I am taken by the range of the verse. Those that feature Cotwall End are not ‘nature poems’, instead a harder look at the diversity of species where the writer wishes to inform us of the landscape, its geological base and the way its mineral richness continues to shape the present. Diversity is thematic elsewhere, as in Divine Dancers who:
…sway before our eyes
We need these dancers, they banish the grey,
In their presence despair is blown away.
The joy Henery feels in a diverse culture is there in the tribute paid many times to the duality of his family-members’ heritage and the enrichment that follows from such merging of tradition. He points to his own source of early knowledge of the wider world as a child – Walsall Library where
…tales of enchanted castles, shining knights
On free loan, filled dreams until morning’s light.

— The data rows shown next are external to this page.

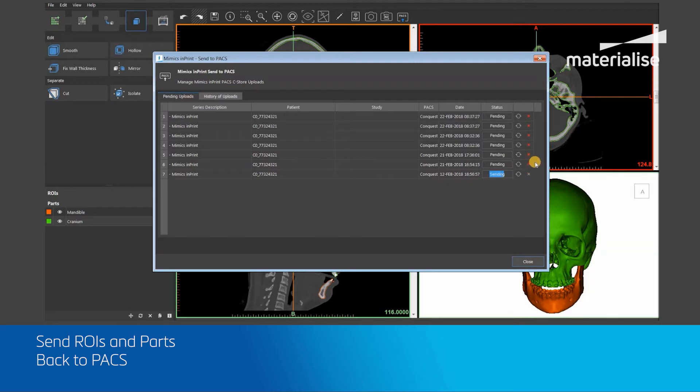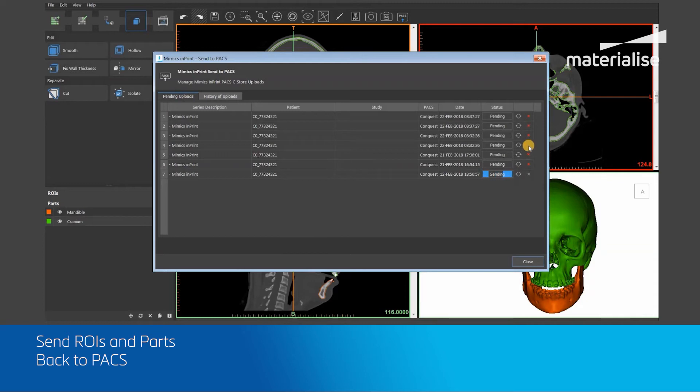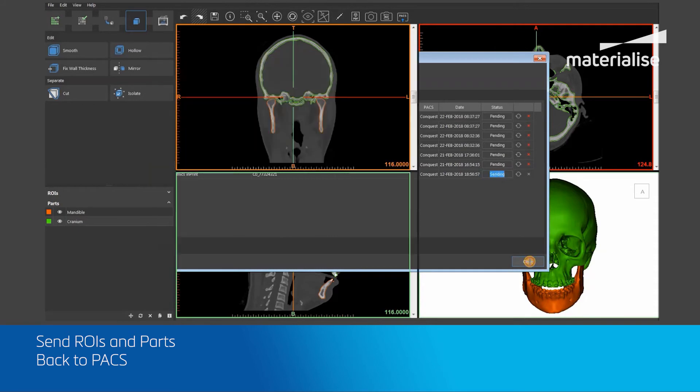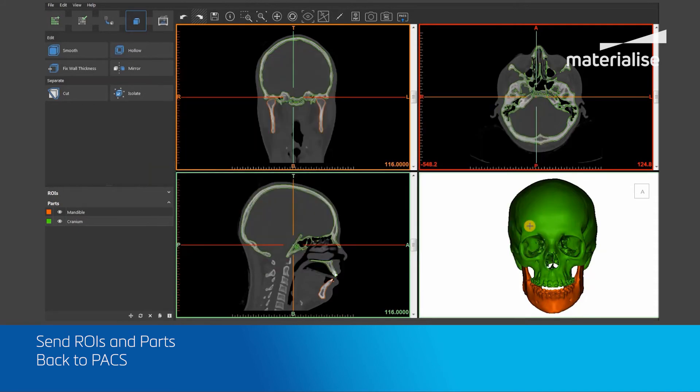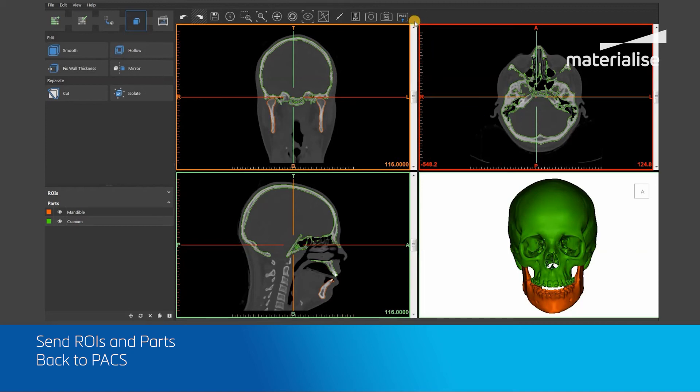You can also retry uploading a file by pressing on the green reupload button. Once your required files have been uploaded to PACS, you can close the dialog box by pressing the Close button. Any pending uploads will still keep uploading to PACS even after this dialog box is closed. You can also reopen this dialog box after closure by hovering over the general toolbar and selecting the Review PACS Uploads button.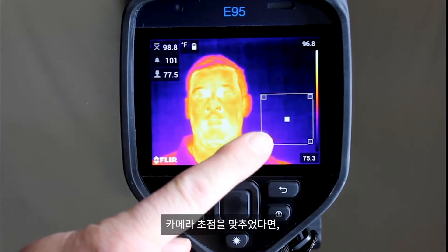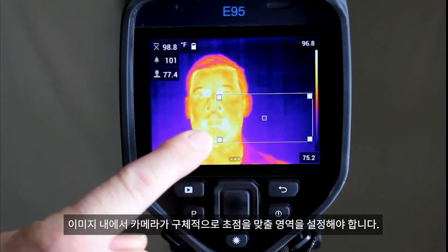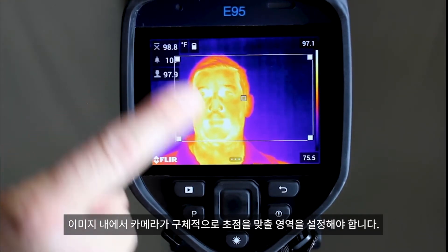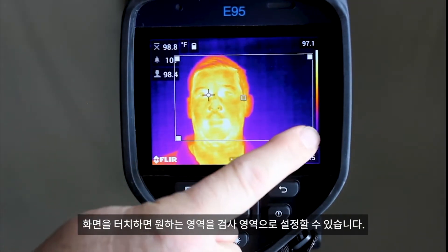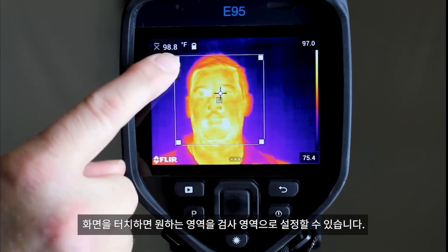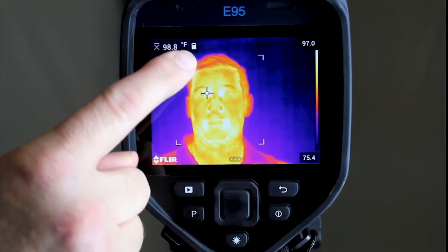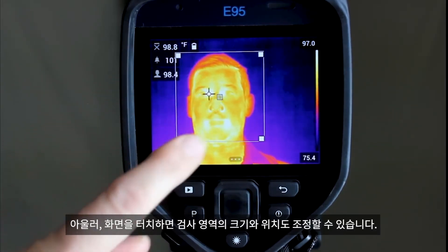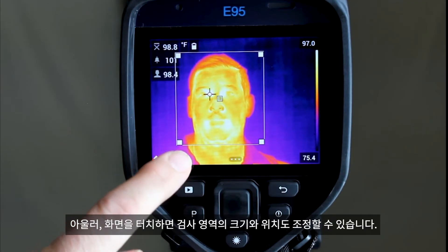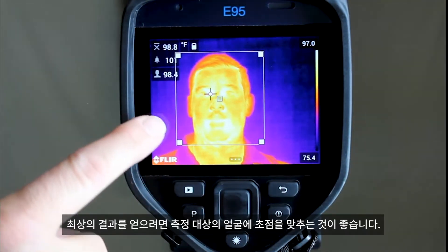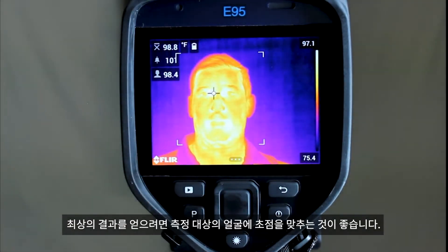Once the camera is in focus, we will need to set the area within the image where we will focus on. This can be done by touching the screen within the screening area. This will now allow you to move and resize the screening area. For best results, you should focus on the face of the subject.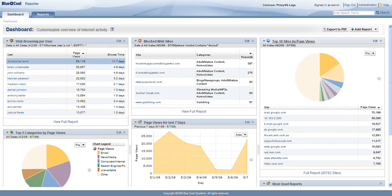Hi, I'm Chris Weber from Bluecoat Systems, and I'm going to show how the speed, power, and flexibility of Bluecoat Reporter 9.1 can help HR professionals ensure employee compliance with corporate acceptable use policy.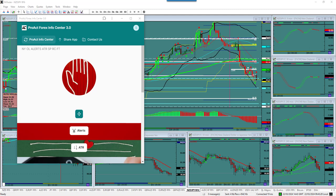Hey traders, this is Scott Barkley of ProAct Traders. I want to show you the number one forex super tool that every forex trader should have in their arsenal. You don't have to be a ProAct Trader subscriber, although we love that. I want to show you why you need this tool — we call it the Info Center because it's full of information and it does lots of stuff for us.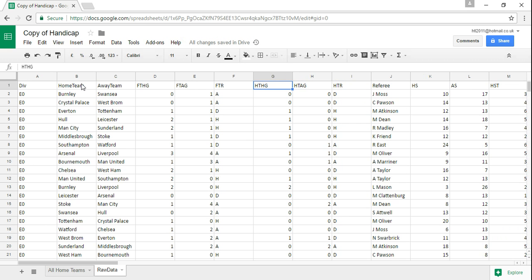These two columns here are of particular interest to us, half-time home goals and half-time away goals because the purpose of this video is for me to ascertain the number of goals advantage or disadvantage a team will have at full-time given the score at half-time.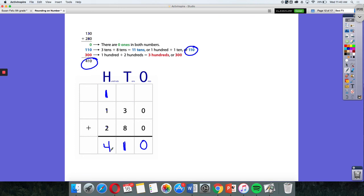Those are a few ways you can add when regrouping: using place value blocks, using your hundreds, tens, and ones chart, or using partial sums - whichever way works best for you.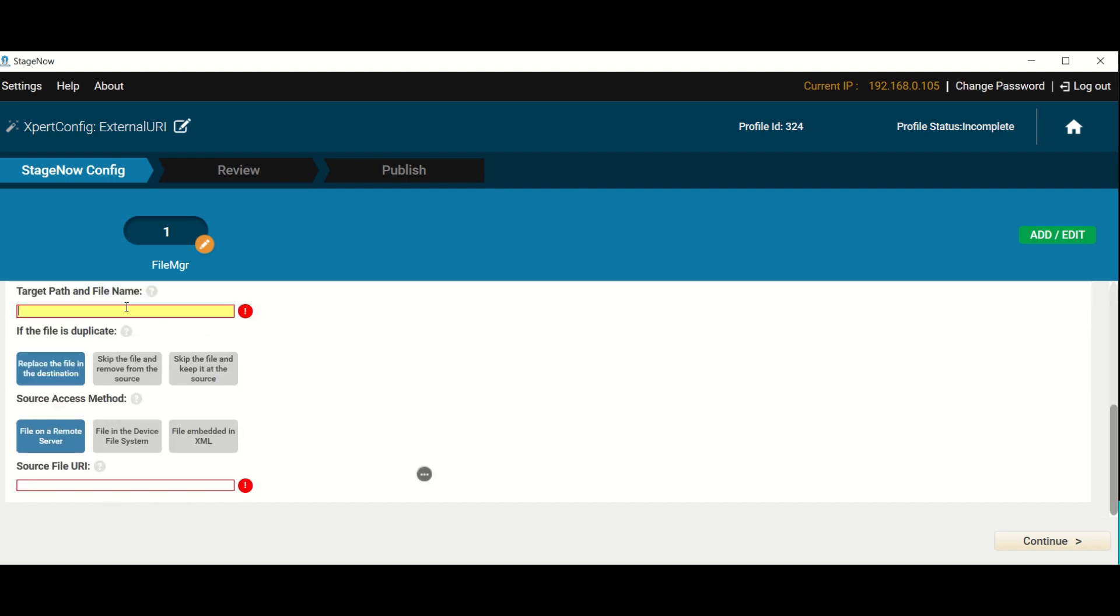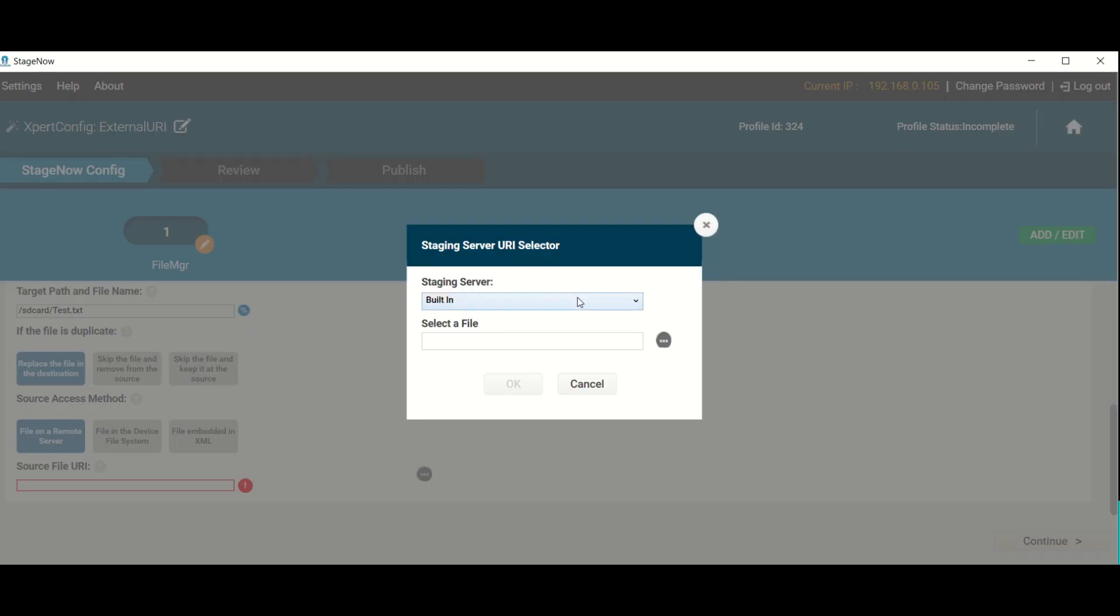StageNow is Zebra's tool for Windows desktops that allows administrators to configure system settings and applications on Zebra devices. When part of a configuration involves an external server, for example to retrieve files needed to complete a staging process, the address of that server is entered as a Universal Resource Identifier, or URI.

It was there, thanks to the Walsall authority’s provision, that the author
…read Rossetti, Byron, Keats and Blake.
As poems of hope the content is necessarily of the future, the fantasy monster Cthulu suggesting the evil that sustains the violence of our present world when at last confronted and emerging from
…the dark into the sickly light
…and on the surface die.
This, with several pieces that are dedicated to or feature children, give us hope for the future. Henery owes a great deal to tradition and his debt to earlier masters – mentioned above – is evident in the style of his verse. His task now is to find a contemporary idiom – and new poetic forms – that reflect our precarious present, and equally the great movements, geological as well as historical and and social, that have brought us to where we, who live in the West Midlands, are now situated.